**WORK TO COMPLETE**
Repeat each entry below exactly, omitting any picture it holds.

......

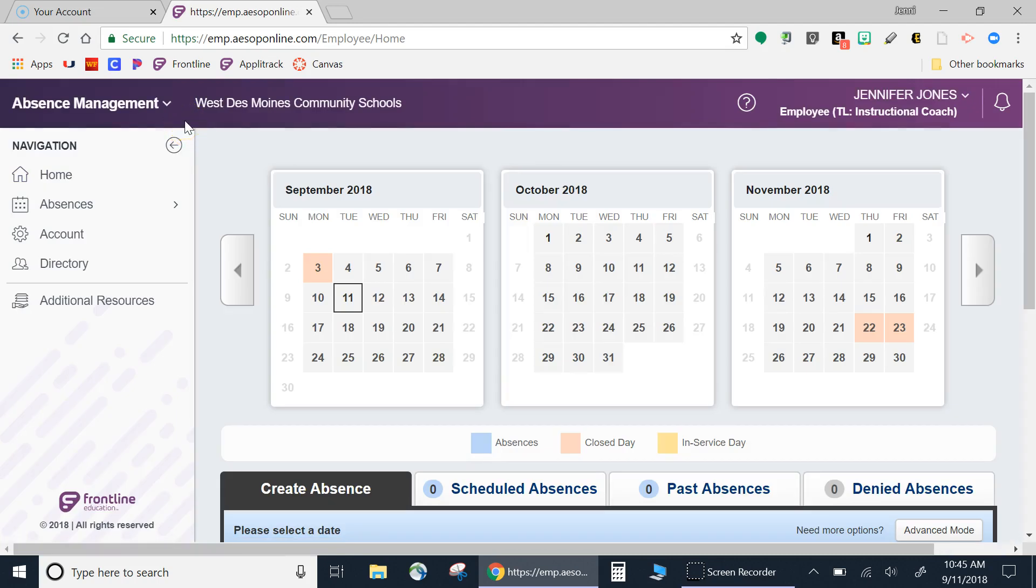This option allows you to document your absences and request a substitute teacher.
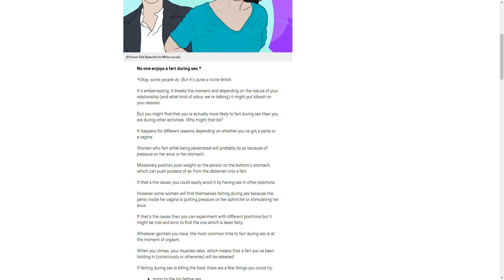Shouldn't it be the kibosh? I don't know. I don't even know why I'm reading this. But you might find you're actually more likely to fart during sex than you are during other activities. Why might that be? It happens for different reasons, depending on whether you've got a penis or a vagina. What about Toddster? I'm pretty sure he has both.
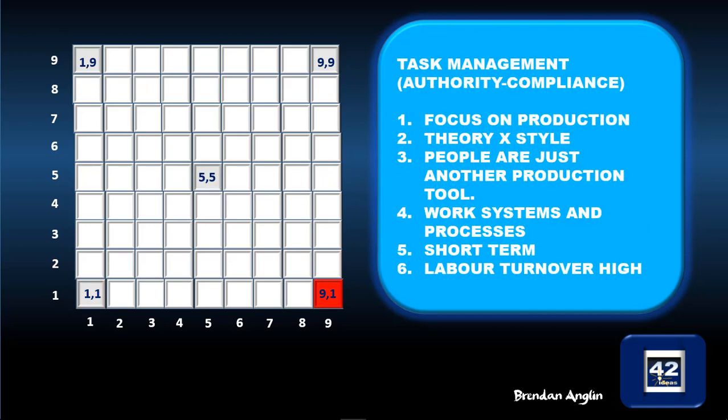Task management, or the authority compliance style, is very high on focus for the goals and objectives of the organization but very low on concern for workers. This is a Theory X style — a scientific management approach focused on production. People are just another tool to achieve the organization's goals, a means to an end. There's a focus on systems and processes, very effective in the short term, but in the long term it leads to high labor turnover.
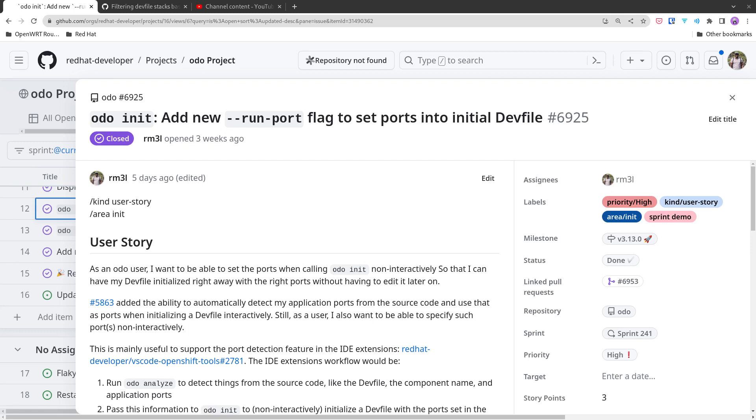Hi, in this PR we have worked on adding the ability to override the application port when creating the initial devfile non-interactively using odo init and specifying all the flags.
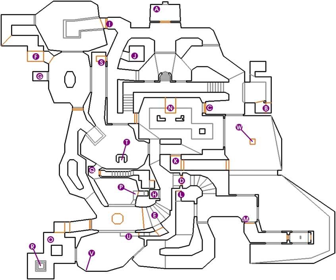Conversely, a video game with linear gameplay will confront a player with a fixed sequence of challenges. Every player faces every challenge and has to overcome them in the same order. A nonlinear game will allow greater player freedom than a linear game.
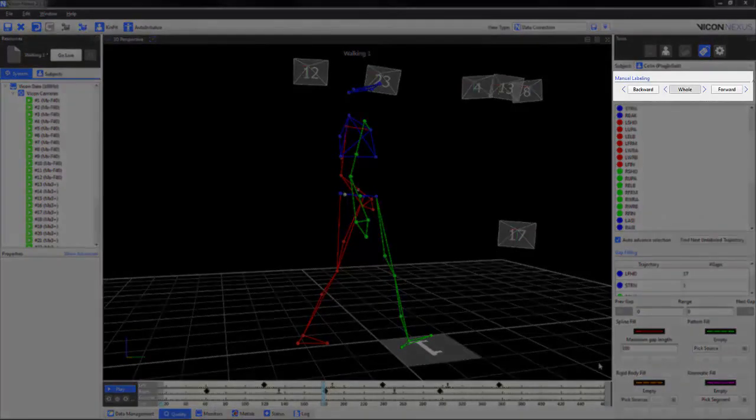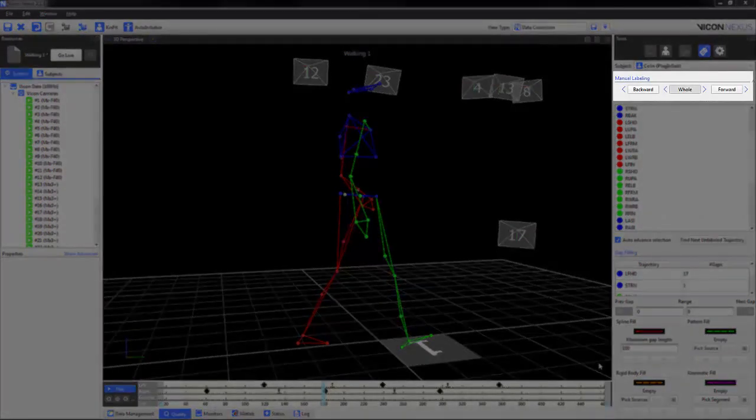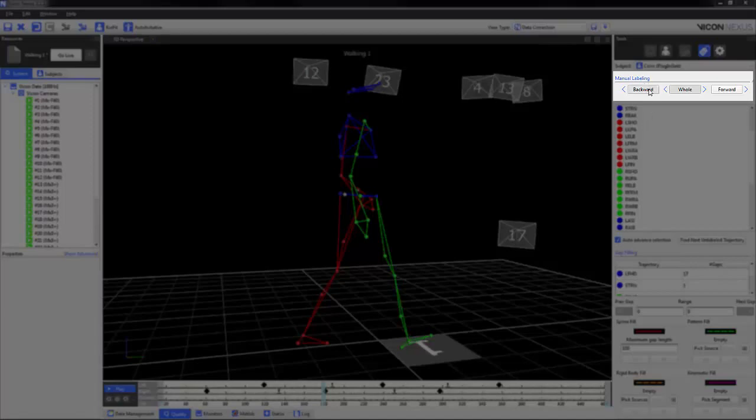Under the manual labeling option, you can choose whether the label is applied backwards, forwards, or to the whole trial.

......

**SOLUTION TO THIS EXERCISE**
This option allows you to document your absences and request a substitute teacher.
Shouldn't it be the kibosh? I don't know. I don't even know why I'm reading this. But you might find you're actually more likely to fart during sex than you are during other activities. Why might that be? It happens for different reasons, depending on whether you've got a penis or a vagina. What about Toddster? I'm pretty sure he has both.
Task management, or the authority compliance style, is very high on focus for the goals and objectives of the organization but very low on concern for workers. This is a Theory X style — a scientific management approach focused on production. People are just another tool to achieve the organization's goals, a means to an end. There's a focus on systems and processes, very effective in the short term, but in the long term it leads to high labor turnover.
Hi, in this PR we have worked on adding the ability to override the application port when creating the initial devfile non-interactively using odo init and specifying all the flags.
Conversely, a video game with linear gameplay will confront a player with a fixed sequence of challenges. Every player faces every challenge and has to overcome them in the same order. A nonlinear game will allow greater player freedom than a linear game.
Under the manual labeling option, you can choose whether the label is applied backwards, forwards, or to the whole trial.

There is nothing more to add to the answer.